EXERCISE GOAL: Starting at the first line of the data below, repeat each line word for word up to and including the line with "En plan över Rom, 1412-1416".

Stored data entries:
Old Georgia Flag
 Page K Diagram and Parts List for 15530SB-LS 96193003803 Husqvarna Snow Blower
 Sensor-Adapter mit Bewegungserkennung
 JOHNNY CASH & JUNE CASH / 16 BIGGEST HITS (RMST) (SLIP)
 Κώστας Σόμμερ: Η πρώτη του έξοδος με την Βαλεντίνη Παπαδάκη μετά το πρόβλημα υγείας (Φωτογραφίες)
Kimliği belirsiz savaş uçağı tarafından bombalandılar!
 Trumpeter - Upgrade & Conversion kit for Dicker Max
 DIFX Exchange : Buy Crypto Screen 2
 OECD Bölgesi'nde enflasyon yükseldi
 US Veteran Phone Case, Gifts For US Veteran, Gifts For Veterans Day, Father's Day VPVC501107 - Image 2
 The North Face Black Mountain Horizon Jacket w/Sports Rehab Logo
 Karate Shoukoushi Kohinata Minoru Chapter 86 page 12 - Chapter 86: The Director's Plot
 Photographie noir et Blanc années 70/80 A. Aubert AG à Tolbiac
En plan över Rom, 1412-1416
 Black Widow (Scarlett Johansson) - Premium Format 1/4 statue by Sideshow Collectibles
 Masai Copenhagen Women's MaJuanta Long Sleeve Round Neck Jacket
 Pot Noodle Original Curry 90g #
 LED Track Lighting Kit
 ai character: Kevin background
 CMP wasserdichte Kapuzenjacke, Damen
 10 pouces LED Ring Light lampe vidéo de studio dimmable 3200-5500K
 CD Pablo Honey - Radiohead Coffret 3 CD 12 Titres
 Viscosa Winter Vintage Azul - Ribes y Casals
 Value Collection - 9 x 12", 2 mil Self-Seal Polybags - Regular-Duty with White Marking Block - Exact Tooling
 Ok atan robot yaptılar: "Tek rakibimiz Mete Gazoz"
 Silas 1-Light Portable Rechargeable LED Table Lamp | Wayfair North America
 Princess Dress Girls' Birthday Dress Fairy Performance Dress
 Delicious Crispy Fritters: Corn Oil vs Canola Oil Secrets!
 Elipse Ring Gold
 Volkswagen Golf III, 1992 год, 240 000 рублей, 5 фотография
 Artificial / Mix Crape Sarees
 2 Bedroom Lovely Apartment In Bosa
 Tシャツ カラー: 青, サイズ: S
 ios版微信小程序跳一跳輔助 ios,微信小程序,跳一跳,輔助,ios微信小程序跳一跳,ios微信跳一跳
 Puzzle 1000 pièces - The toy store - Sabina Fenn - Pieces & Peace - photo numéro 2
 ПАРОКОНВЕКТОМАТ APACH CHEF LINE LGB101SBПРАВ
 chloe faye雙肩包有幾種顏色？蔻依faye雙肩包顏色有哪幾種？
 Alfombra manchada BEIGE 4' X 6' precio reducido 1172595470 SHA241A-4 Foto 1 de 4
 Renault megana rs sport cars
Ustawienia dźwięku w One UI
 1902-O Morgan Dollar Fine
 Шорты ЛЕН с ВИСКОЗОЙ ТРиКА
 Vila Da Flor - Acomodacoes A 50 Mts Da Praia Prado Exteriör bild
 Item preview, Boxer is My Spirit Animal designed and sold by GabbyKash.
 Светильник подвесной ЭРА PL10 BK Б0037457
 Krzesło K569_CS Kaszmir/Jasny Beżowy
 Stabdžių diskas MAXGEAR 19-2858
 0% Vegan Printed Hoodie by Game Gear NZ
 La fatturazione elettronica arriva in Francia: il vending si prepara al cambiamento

RESPONSE TO THIS TASK:
Old Georgia Flag
 Page K Diagram and Parts List for 15530SB-LS 96193003803 Husqvarna Snow Blower
 Sensor-Adapter mit Bewegungserkennung
 JOHNNY CASH & JUNE CASH / 16 BIGGEST HITS (RMST) (SLIP)
 Κώστας Σόμμερ: Η πρώτη του έξοδος με την Βαλεντίνη Παπαδάκη μετά το πρόβλημα υγείας (Φωτογραφίες)
Kimliği belirsiz savaş uçağı tarafından bombalandılar!
 Trumpeter - Upgrade & Conversion kit for Dicker Max
 DIFX Exchange : Buy Crypto Screen 2
 OECD Bölgesi'nde enflasyon yükseldi
 US Veteran Phone Case, Gifts For US Veteran, Gifts For Veterans Day, Father's Day VPVC501107 - Image 2
 The North Face Black Mountain Horizon Jacket w/Sports Rehab Logo
 Karate Shoukoushi Kohinata Minoru Chapter 86 page 12 - Chapter 86: The Director's Plot
 Photographie noir et Blanc années 70/80 A. Aubert AG à Tolbiac
En plan över Rom, 1412-1416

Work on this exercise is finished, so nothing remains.